Тема спасения язычников
Но где бы ни возникли писания Луки, несомненно, что их первые читатели были христиане из язычников, а может быть, и шире, язычники, обращавшиеся в христианство. К таковым, как мы видели, мог принадлежать и сам Феофил. Это общее суждение о языческой среде, для которой предназначались писания Луки, подтверждается целым рядом наблюдений. Если Лука использовал Мф. и Мк., мы неизбежно приходим к заключению, что он сознательно опустил те эпизоды, которые могли быть оскорбительны для язычников.
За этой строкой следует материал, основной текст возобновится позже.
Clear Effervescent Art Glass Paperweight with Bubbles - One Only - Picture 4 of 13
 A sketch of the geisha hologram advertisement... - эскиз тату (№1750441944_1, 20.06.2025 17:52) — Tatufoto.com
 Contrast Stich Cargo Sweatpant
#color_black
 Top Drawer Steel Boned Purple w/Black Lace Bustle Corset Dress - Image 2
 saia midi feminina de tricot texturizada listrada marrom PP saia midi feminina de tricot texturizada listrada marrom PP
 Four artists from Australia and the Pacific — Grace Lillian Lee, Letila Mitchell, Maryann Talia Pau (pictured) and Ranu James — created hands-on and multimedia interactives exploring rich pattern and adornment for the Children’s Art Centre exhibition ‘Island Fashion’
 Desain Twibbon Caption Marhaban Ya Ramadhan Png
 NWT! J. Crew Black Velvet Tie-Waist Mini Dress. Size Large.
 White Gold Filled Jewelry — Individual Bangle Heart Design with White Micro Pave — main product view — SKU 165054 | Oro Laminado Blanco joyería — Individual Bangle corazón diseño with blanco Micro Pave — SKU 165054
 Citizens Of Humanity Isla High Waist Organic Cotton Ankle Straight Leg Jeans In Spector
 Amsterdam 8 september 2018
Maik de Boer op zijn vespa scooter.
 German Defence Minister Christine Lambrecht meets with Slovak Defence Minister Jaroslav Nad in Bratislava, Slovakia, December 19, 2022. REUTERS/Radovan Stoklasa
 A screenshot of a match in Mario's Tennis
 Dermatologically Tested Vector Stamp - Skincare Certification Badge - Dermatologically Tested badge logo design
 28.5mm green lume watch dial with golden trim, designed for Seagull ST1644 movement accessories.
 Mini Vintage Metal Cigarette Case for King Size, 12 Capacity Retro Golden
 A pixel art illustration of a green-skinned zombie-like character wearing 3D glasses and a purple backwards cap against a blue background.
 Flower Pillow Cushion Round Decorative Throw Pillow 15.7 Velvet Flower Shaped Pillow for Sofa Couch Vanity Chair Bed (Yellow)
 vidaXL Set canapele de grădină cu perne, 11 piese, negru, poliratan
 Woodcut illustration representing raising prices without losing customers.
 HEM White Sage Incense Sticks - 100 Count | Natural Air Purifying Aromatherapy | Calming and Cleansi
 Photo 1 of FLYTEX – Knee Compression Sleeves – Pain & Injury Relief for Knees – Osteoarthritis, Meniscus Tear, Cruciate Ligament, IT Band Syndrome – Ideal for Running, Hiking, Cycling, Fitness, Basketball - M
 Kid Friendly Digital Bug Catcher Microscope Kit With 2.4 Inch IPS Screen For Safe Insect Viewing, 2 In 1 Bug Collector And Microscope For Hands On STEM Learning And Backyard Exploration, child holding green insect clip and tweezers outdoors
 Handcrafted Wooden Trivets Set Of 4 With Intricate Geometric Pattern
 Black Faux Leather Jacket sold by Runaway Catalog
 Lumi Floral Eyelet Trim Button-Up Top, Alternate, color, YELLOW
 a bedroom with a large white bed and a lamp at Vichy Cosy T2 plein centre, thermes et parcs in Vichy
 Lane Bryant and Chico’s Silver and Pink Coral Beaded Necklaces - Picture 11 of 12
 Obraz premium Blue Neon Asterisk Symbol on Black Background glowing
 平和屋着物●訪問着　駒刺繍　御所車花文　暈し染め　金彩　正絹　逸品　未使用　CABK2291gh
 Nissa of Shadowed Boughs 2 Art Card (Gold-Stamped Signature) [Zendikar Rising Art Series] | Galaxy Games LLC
Сюда относится, в первую очередь, рассказ о жене–язычнице, которой Господь сказал жесткое слово о детях и псах (Мф.15:22–28; Мк.7:25–30).
Не менее знаменательно, что Лука поставил в начале евангельской истории рассказ о проповеди Иисуса в назаретской синагоге (Лк.4:16–30). В этом рассказе общесиноптическое слово о пророке, который не принимается в своем отечестве (Лк.4:24, параллели: Мф.13:57; Мк.6:4; ср. ещё Ин.4:44), сопровождается ссылкой на ветхозаветные примеры помощи свыше, дарованной не Израилю, а язычникам (Лк.4:25–27). Мысль о спасении язычников, которой, таким образом, вводится историческое повествование Луки, повторяется в заключении его труда, в том приговоре, который ап. Павел произносит над римскими иудеями (Деян.28:25–28, ср. особенно Деян.28:28). Можно сказать, что мысль о спасении язычников есть доминирующая мысль в истории Луки. Ее место в исторической концепции Луки наилучшим образом объясняется языческим происхождением его читателей. Мы помним, что и автор по рождению был язычник.